The constant reprimands made me hyperconscious of my own performance, and so instead of getting rid of self, I had become embedded in the egoism I was supposed to transcend. Now I was beginning to understand that a silence that is not clamorous with vexation and worried self-regard can become part of the texture of your mind, can seep into you, moment by moment, and gradually change you. — Karen Armstrong

If we try to hold on to our partial glimpses of the divine, we cut it down to our own size and close our minds. Like it or nor, our human experience of anything or anybody is always incomplete: there is usually something that eludes us, some portion of experience that evades our grasp. — Karen Armstrong

When violence becomes imbedded in a region, then this affects everything. It affects your dreams, your fantasies and relationships, and your religion becomes violent, too. — Karen Armstrong

Important thing about myth is that it's not just something that you believe, a myth is essentially a program for action.
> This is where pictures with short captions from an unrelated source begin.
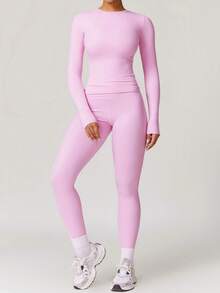 NcmRyu 1 Set Women's Elastic Tight Lifting Shaping Sexy Long Sleeve & Long Pants Sportswear Set Pink Spring - Pink - View 7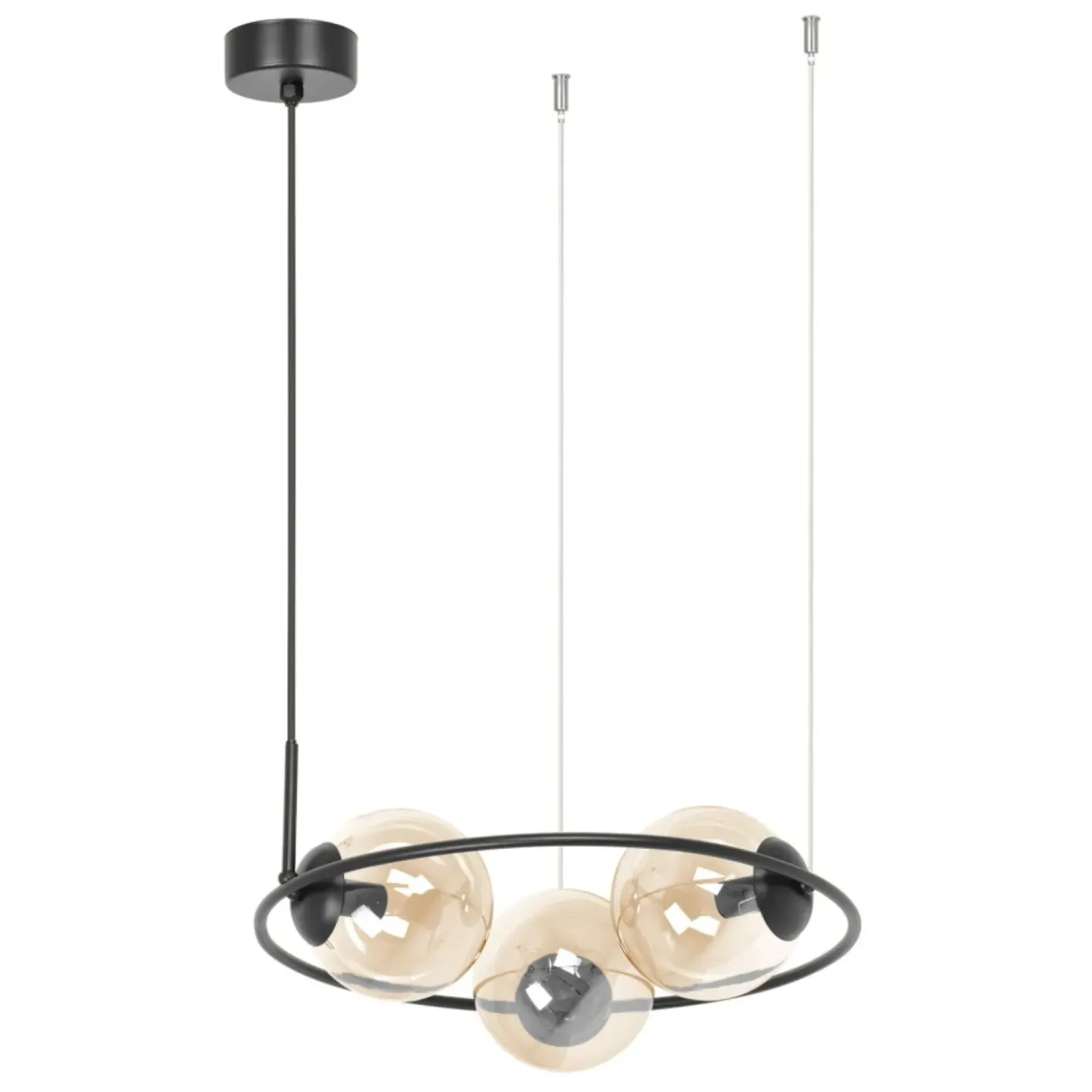 Sklep Kaja Nowoczesna lampa wisząca z bursztynowymi kloszami K-5124 z serii VENTA Fashion
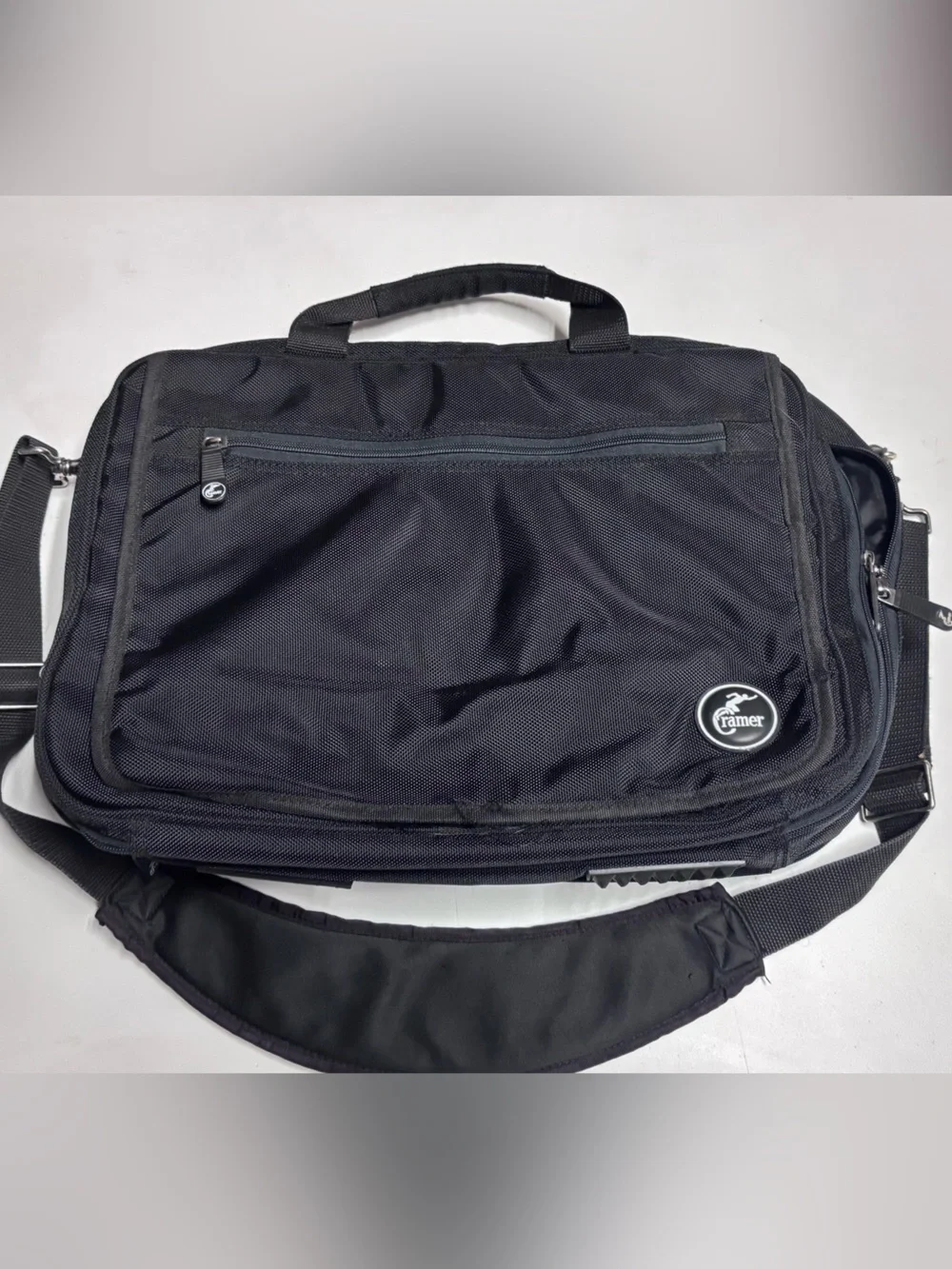 Cramer Black Travel Laptop Briefcase Expandable Carry On Messenger Bag Organizer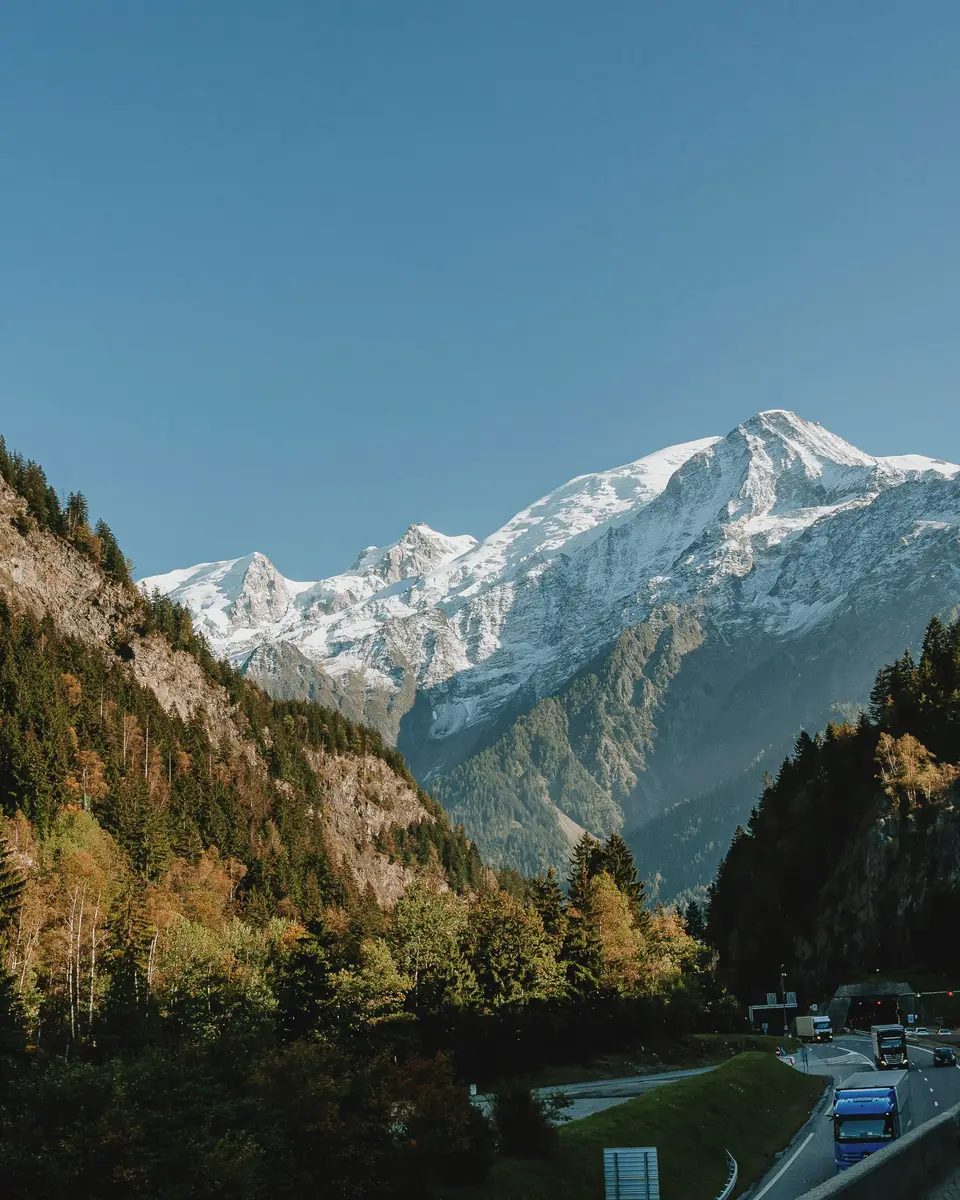 Wide mountain landscape in France.
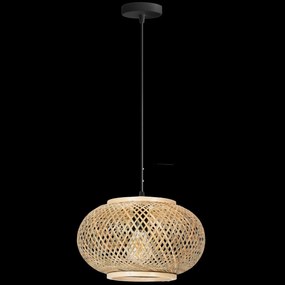 Závesná lampa La Belle Boho III čierna/hnedá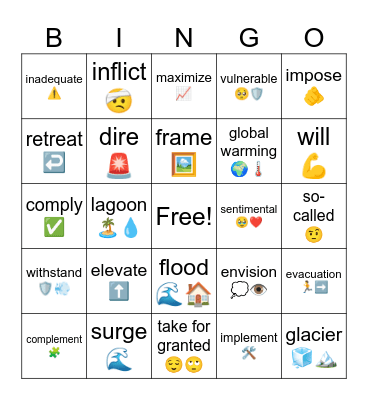 ESL - Saving Cities Read 5 Bingo Card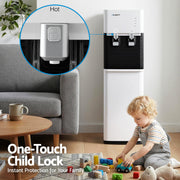 Devanti 2 Taps Water Cooler Dispenser Bottom Loading Dispenser Chiller Filter Purifier WD-608-2T-WH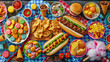 © Another Galaxy - Colorful array of street foods and snacks including hotdogs, macarons, fries, and candy at a picnic setting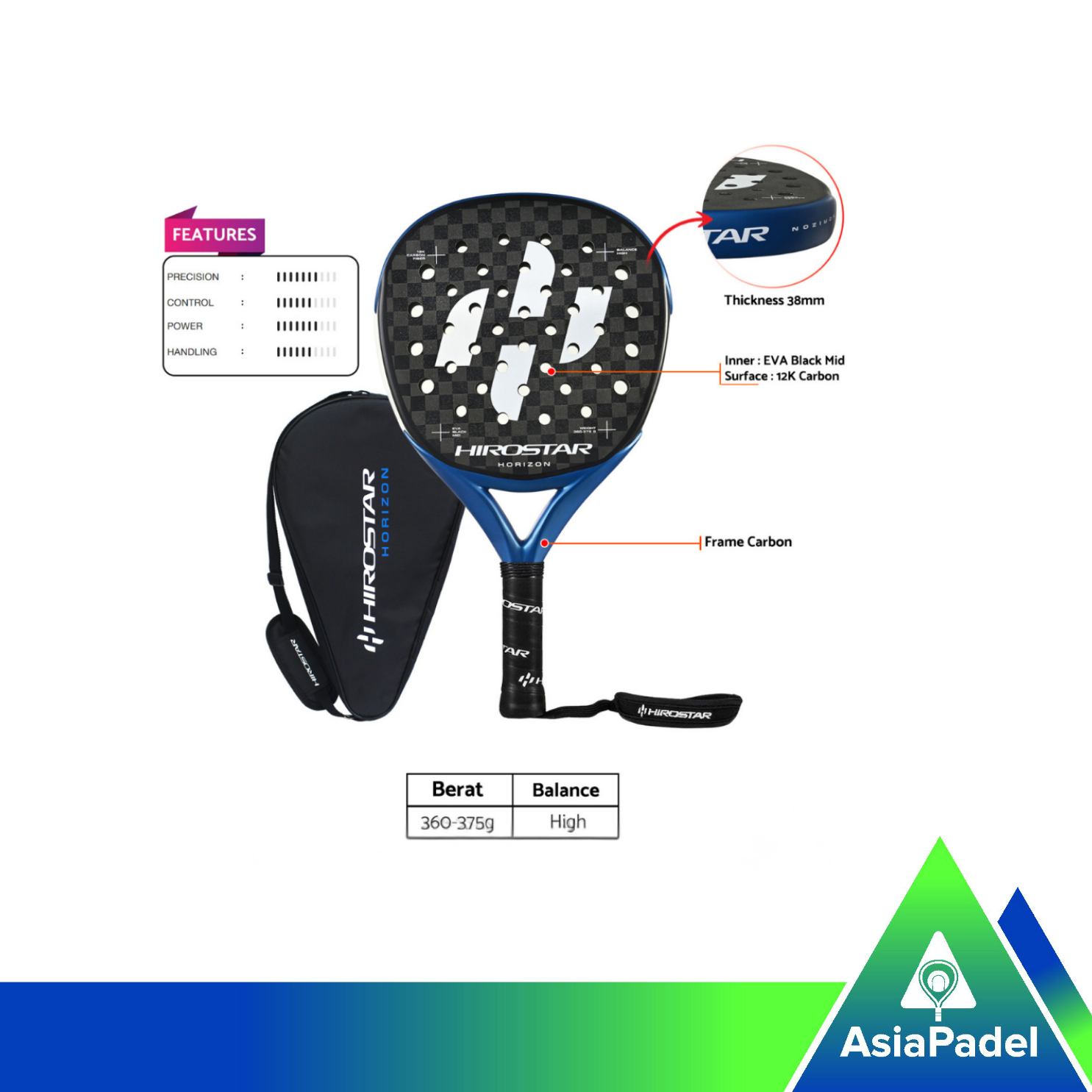 Hirostar Horizon 12K Carbon Padel Racket | Racket | Raket Padel Diamond 2025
And unless you translate a mythical story, or a doctrine out of the church, into practical action, it just remains incomprehensible. Rather like the rules of a board game which seem very sort of dull and complicated and incomprehensible until you pick up the dice and start to play, when everything falls into place. — Karen Armstrong

I used to hate religion, I loathed it in my angry days. — Karen Armstrong

You put yourself in the receptive frame of mind with which we approach music or poetry, which you can measure the difference on a neurological scanner. — Karen Armstrong

A gentleman is not born but crafted. He had to work on himself in the same way as a sculptor shaped a rough stone and made it a thing of beauty. — Karen Armstrong

Life Lessons by Karen Armstrong

  1. Karen Armstrong emphasizes the importance of understanding and compassion in her writing, teaching us that we must strive to understand each other and ourselves before we can truly move forward.
  2. She also encourages us to be open to different perspectives and to embrace our own spiritual journey, reminding us that we are all connected and that we should strive to be tolerant of each other's beliefs and differences.
  3. Finally, Armstrong's writing encourages us to be mindful of our actions, to think before we speak, and to take responsibility for our own lives and the lives of those around us.